Correio braziliense, n. 20215, 25/09/2018. Política, p. 2

 

Polarização ofusca debate de propostas

Paulo Silva Pinto

25/09/2018

 

 

Ideias dos candidatos, inclusive sobre crescimento econômico, têm influenciado o eleitor menos que o esperado. Pesa mais a imagem de combater a corrupção, para alguns grupos, ou de garantir conquistas sociais, para outros

Na parede do comando da campanha de Bill Clinton se lia: “A economia, estúpido”. A frase explicava por que o democrata subia, apesar de o republicano George Bush, o pai, ter saído vitorioso da guerra do Iraque. O fato é que a evolução da renda nos Estados Unidos exibia números ruins naquela campanha presidencial de 1992.

Hoje, quando o Brasil se recupera lentamente da maior recessão da história, assuntos como crescimento econômico, impostos, previdência e desemprego tinham tudo para protagonizar as discussões. Mas não é o que se vê. “Esta eleição não é sobre economia”, explica o ex-diretor do Banco Central Alexandre Shwartsman. “A palavra-chave da disputa hoje é corrupção. Por isso, quem lidera é um outsider da política”, completa ele, em referência ao candidato do PSL, Jair Bolsonaro.

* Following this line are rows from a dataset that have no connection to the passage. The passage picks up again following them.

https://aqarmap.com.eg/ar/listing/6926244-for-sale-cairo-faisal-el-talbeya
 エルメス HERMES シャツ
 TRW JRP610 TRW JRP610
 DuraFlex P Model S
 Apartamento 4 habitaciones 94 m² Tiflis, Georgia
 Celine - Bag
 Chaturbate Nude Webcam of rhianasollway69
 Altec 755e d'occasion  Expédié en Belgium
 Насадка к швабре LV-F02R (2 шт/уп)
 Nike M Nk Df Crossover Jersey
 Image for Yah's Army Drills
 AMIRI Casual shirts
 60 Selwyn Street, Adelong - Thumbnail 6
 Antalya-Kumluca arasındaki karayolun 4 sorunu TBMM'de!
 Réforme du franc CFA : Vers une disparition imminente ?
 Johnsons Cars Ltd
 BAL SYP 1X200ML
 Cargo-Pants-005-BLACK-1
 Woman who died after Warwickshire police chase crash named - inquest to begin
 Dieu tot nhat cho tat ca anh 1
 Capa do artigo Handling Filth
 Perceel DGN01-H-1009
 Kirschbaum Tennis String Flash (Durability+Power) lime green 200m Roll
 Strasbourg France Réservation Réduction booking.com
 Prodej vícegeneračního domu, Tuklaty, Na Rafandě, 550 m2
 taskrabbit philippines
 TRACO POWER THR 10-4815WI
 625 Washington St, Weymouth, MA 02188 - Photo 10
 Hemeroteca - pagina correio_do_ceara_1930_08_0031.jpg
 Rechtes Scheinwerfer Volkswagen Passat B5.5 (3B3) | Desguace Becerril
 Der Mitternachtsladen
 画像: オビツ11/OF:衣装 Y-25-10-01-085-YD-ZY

A análise do cientista político Geraldo Tadeu, professor da Universidade Federal do Estado do Rio de Janeiro (Uerj), vai na mesma linha. “Mesmo que a economia estivesse muito bem, haveria problema pela ligação dos candidatos com o governo Temer. Pesa muito a corrupção como referencial”, explica.

Para Paulo Calmon, diretor do Instituto de Ciência Polícia da Universidade de Brasília (Ipol/UnB), a economia deverá ter destaque maior no segundo turno. “Na nova etapa, os candidatos deverão ter de apresentar as possíveis escolhas para o cargo de ministro da Fazenda. A capacidade de gestão econômica de um candidato importa em todas as eleições presidenciais. Mas nessa, de fato tem um peso um pouco menor do que se imaginava antes”, diz.

O professor da UnB explica que todos os temas tradicionalmente tratados em campanhas, incluindo saúde e educação, estão ofuscados, neste primeiro turno, pela polarização política. “Minha hipótese é que três fatores contam hoje, para grupos diferentes de pessoas. O primeiro é a busca pela novidade, com rejeição da corrupção e dos partidos tradicionais. Outra é a preocupação com direitos sociais e a solidariedade com minorias. A terceira, é a dimensão redistributiva, incluindo o Bolsa Família”, elenca. Bolsonaro é forte no primeiro aspecto. O petista Fernando Haddad, no segundo e no terceiro. Por isso, eles lideram as pesquisas de intenção de voto. No levantamento divulgado ontem pelo Ibope, eles têm, respectivamente, 28% e 22% das intenções de votos.

Geraldo Alckmin, do PSDB, partido que apoiou o governo do presidente Michel Temer, e Henrique Meirelles (MDB), ex-ministro da Fazenda, são os candidatos que pretendiam apostar na percepção do eleitor de terem ajudado o país a sair da crise, e de que poderiam fazer o Produto Interno Bruto (PIB)  crescer de forma mais forte. Mas eles têm, respectivamente, apenas 8% e 2% das intenções de votos de acordo com o Ibope. Juntos, somam menos intenções de votos do que o terceiro colocado, Ciro Gomes (PDT), com 11%.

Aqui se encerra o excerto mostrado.